Media hora antes de ir a la playa

Tiempo de lectura: < 1 minuto

A un espíritu con disposiciones aéreas como el mío le molesta entrar en relaciones con lo concreto y específico: botes, barro y contabilidad. Menos mal que he cagado una mierda, joven y humeante. Éste es un placer vergonzoso, por lo común y gratuito del mismo, pero es uno de los mejores, el placer de liberarse de la carga y abonar para moscas verdes, azules y elefantásticas. Leo a Houllebecq, y devoro sus partículas elementales; el título va más allá de la metáfora y es una descripción omniabarcante y difusa de todo el libro.

Hace semanas mandé un mensaje de voz y me alegro de que no me haya respondido, en el fondo no quería quedar y estaba obedeciendo más a la versión idealizada de mi mismo que a mis deseos más primales, a los que no excuso porque fácilmente se someten al algoritmo del bikini verde, la piscina y el circulito azul de «me gusta».

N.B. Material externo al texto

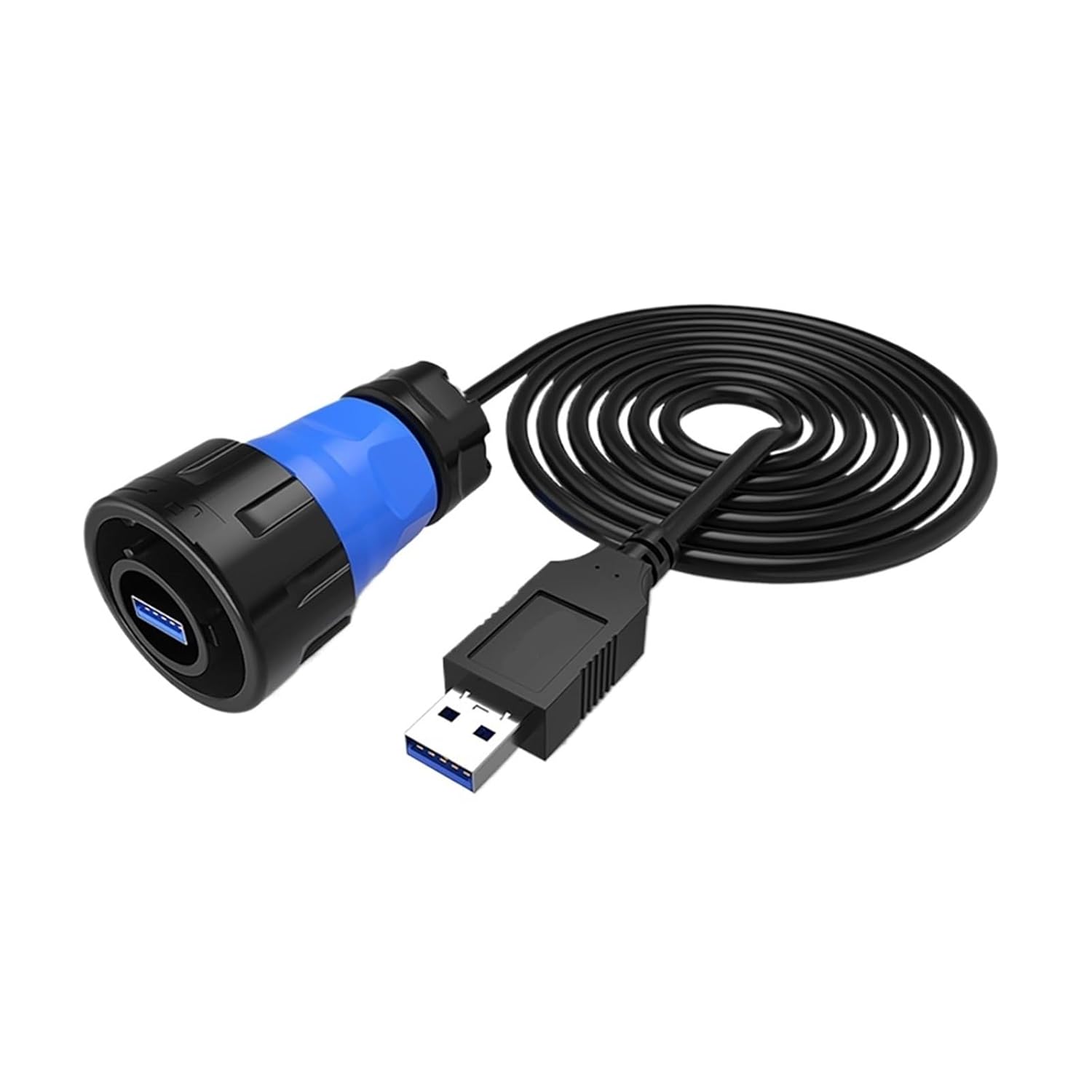 M24 U3.0 2.0 Connector Socket Wire Waterproof Panel Wire Connector IP68(Plug(0.5m))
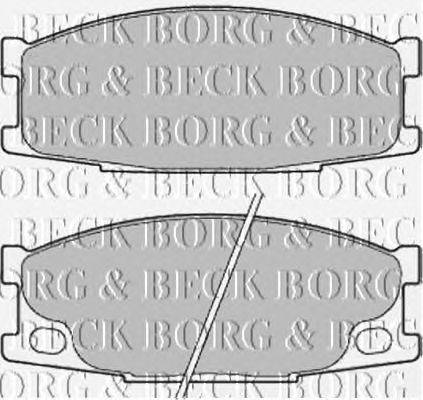 Комплект тормозных колодок, дисковый тормоз BORG & BECK BBP2193
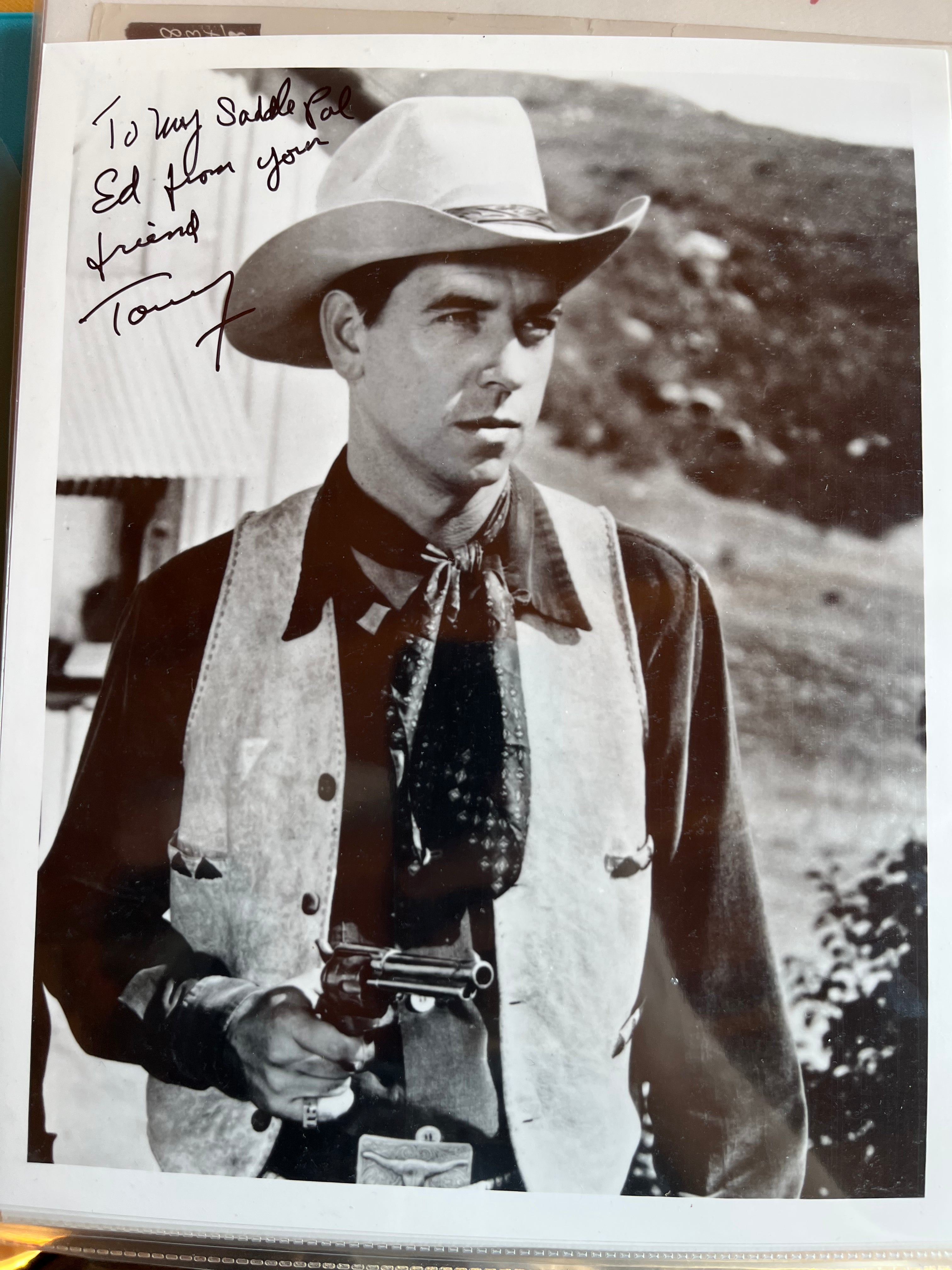 TOMMY FARRELL, character actor, autograph Williamsburg Nostalgia Fest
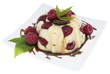 Fruity Pudding isolated on white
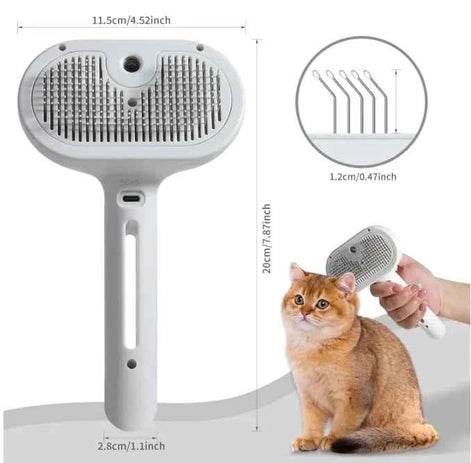 PetFusion Pet Hair Spray Brush - Effortless Grooming Tool for Pets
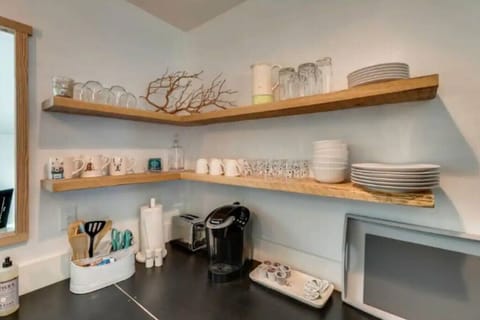 We provide the basics for those who want to make their own meals.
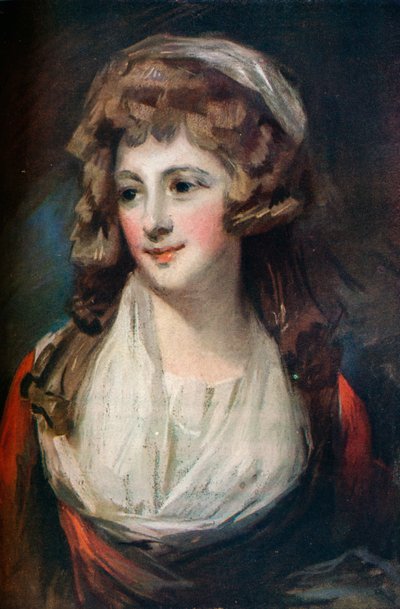 Pastelportret van mevrouw Catherine Holden, 1775 door Peter Romney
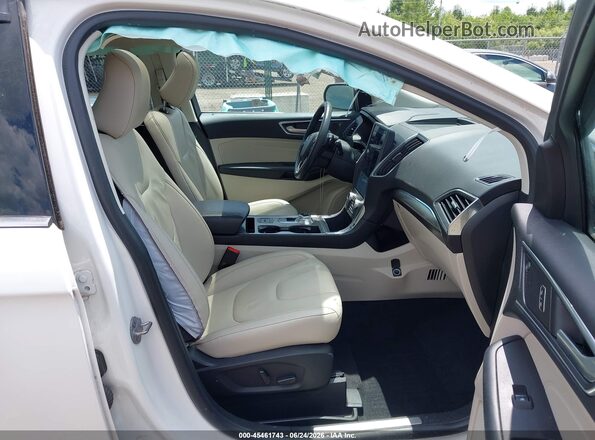 2FMPK4K94NBA96163 2022 FORD EDGE White Front interior view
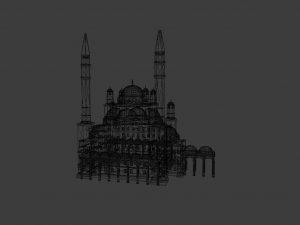 MOSQUE GAME READY LOW POLY Modelo 3D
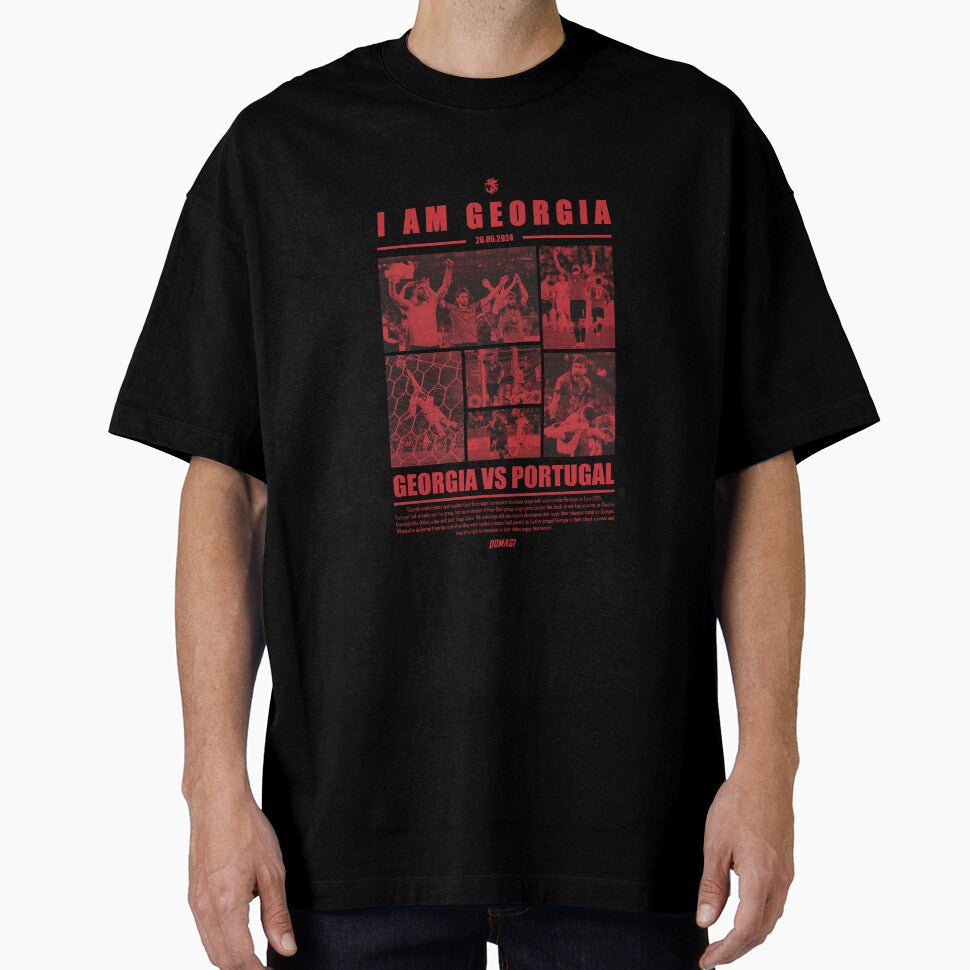 Georgia | Georgia Vs Portugal by QOMAGI Unisex T-shirt, Sweatshirt, Hoodie, Long Sleeve Tee - T-Shirt, Sweatshirt, Hoodie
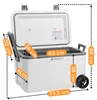 Glacière CampFeuer blanche de 70 litres avec roulettes, Voir les images du produit 3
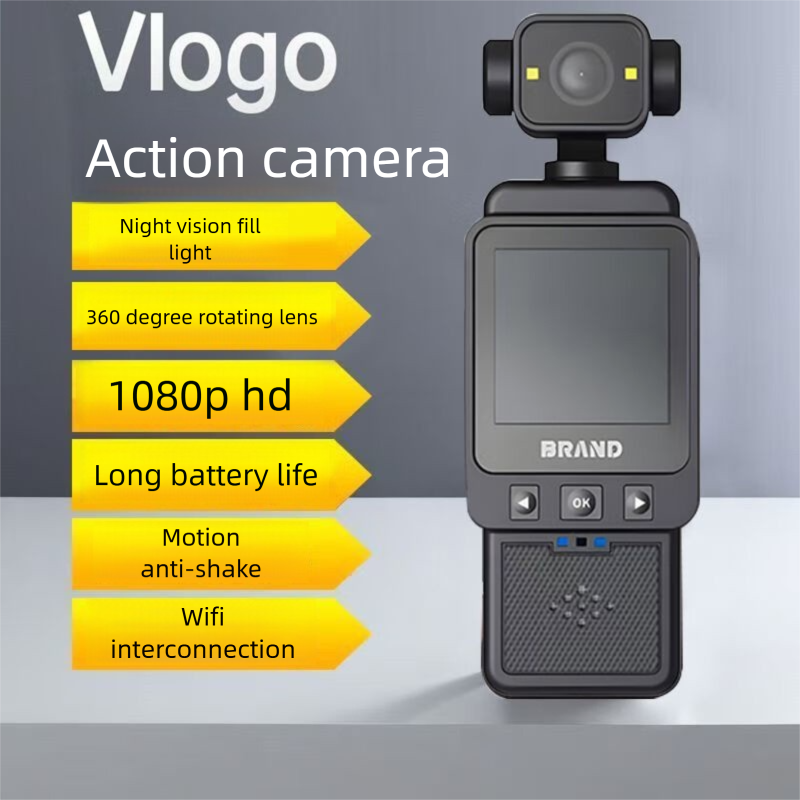 HD Action Adventure Camera Chest-Worn Law Enforcement Vlog Shooting Professional Outdoor Video Recorder_voghion.com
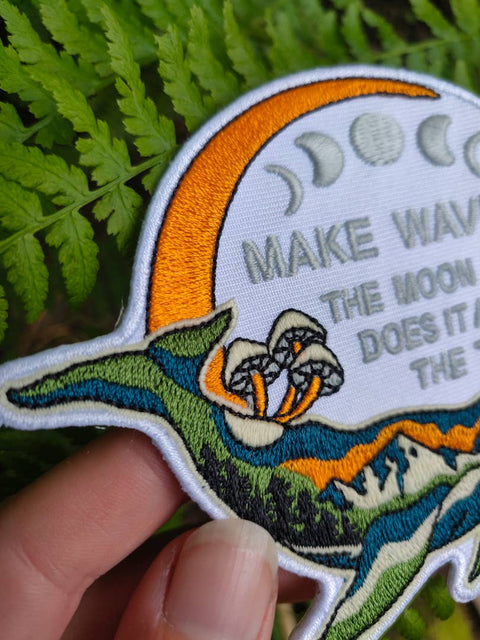 Crafted From Scratch Make Waves Patch
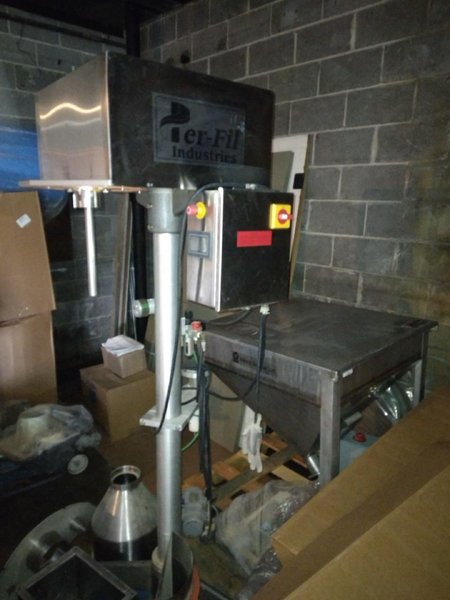 Per-Fil MF Semi-Automatic Auger Filler with Hopper and Flexible Screw Conveyor, 2011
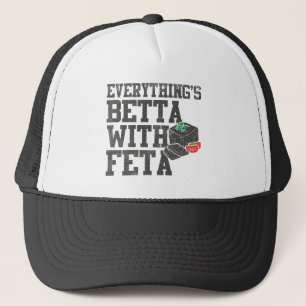 Alles is Betta met feta-kaas Griekse stijl Trucker Pet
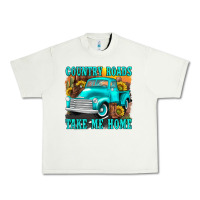 Pistachio country roads take me home western Urban Heavy Tee - texasbilliewilder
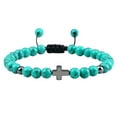 thumbnail image 1 of iju7gthy Srpg33 Hand Braided Rope Bracelet Turquoise Beaded Bracelet For, 1 of 7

Pienso en la llaga, blanca y brillante, que abusa de mi en el borde de mi labio inferior, está propensión es herencia directa de mi padre. Todos los días la estoy rociando con el blanco y amargo fármaco. No debería estar escribiendo esto, sino haciendo ejercicios de mandíbula con el jawsrsize; me gusta morder fuerte y escupir la sangre oscura y con sabor a ocre que sale de ahí. Alimento puro para la tierra salvaje.